Input records:

▬▬▬

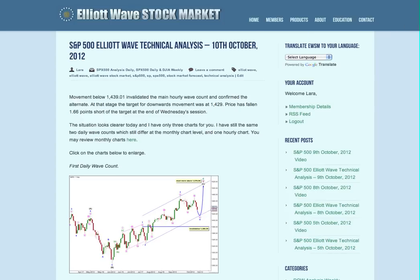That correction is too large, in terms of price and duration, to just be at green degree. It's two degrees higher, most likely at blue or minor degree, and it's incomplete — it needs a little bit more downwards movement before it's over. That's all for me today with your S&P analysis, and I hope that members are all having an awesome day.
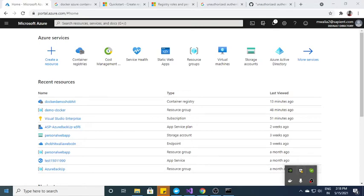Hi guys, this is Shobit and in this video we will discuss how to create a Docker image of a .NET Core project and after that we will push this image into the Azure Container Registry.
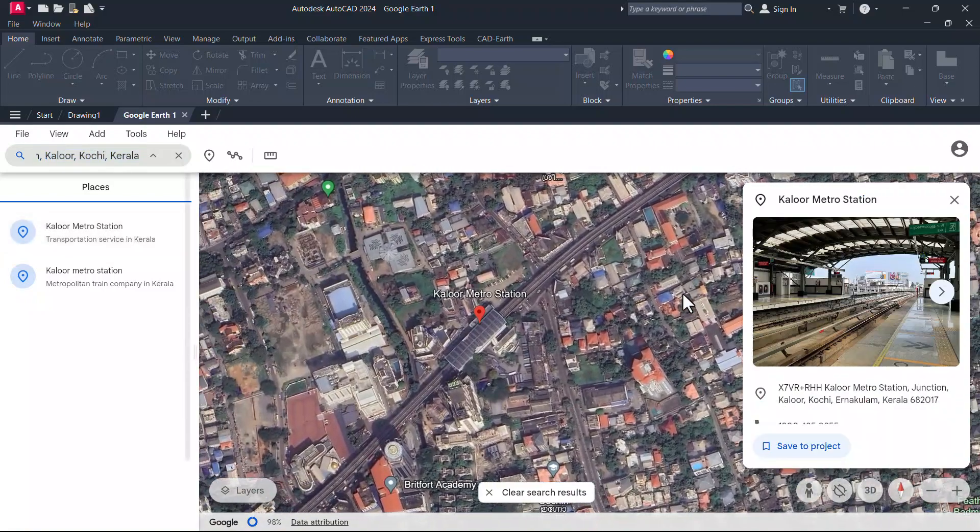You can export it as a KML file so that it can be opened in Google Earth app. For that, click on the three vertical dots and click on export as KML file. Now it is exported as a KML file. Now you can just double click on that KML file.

▬▬▬

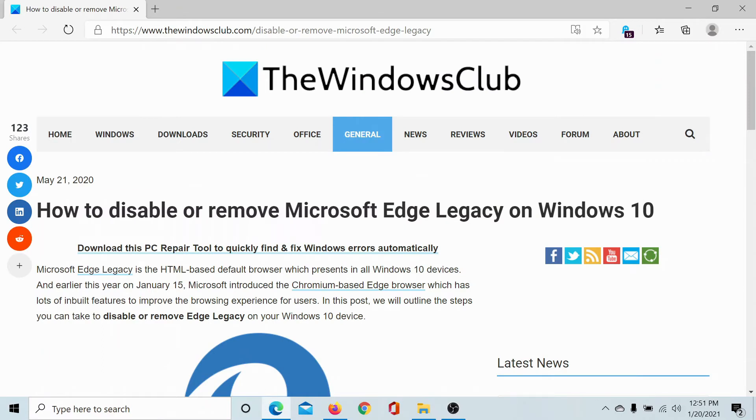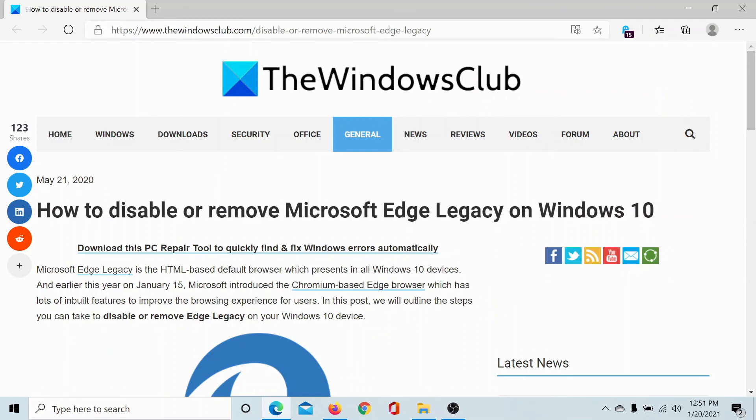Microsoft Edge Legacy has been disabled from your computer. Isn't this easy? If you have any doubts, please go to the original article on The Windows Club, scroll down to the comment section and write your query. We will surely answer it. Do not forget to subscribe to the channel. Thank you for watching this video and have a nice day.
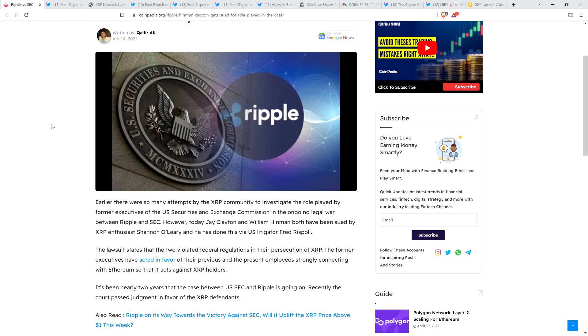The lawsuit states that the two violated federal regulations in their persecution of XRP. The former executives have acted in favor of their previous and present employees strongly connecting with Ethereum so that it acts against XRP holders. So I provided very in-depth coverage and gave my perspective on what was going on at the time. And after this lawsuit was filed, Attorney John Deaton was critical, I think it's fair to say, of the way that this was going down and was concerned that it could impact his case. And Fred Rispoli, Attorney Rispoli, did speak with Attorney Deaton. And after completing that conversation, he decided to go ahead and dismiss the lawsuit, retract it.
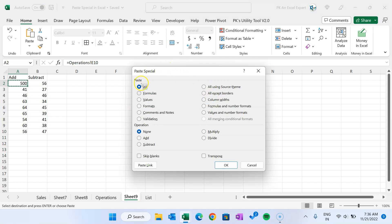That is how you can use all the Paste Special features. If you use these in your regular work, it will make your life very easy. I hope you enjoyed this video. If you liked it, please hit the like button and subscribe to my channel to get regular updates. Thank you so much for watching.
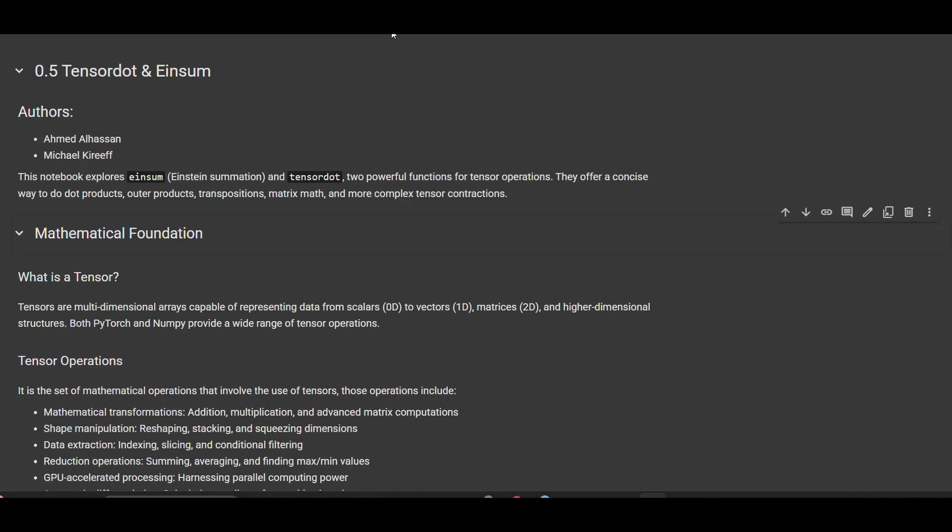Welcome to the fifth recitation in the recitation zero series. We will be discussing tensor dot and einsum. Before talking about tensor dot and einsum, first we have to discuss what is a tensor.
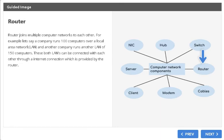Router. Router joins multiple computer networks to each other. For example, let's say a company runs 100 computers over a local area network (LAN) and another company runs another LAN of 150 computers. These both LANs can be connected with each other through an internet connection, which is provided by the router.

▬▬▬

To do:
Take the entries above and copy exactly the lines starting at the one with "That correction is" and ending at the one with "You can export"; nothing outside that span, and no pictures.

Answer space:
That correction is too large, in terms of price and duration, to just be at green degree. It's two degrees higher, most likely at blue or minor degree, and it's incomplete — it needs a little bit more downwards movement before it's over. That's all for me today with your S&P analysis, and I hope that members are all having an awesome day.
Hi guys, this is Shobit and in this video we will discuss how to create a Docker image of a .NET Core project and after that we will push this image into the Azure Container Registry.
You can export it as a KML file so that it can be opened in Google Earth app. For that, click on the three vertical dots and click on export as KML file. Now it is exported as a KML file. Now you can just double click on that KML file.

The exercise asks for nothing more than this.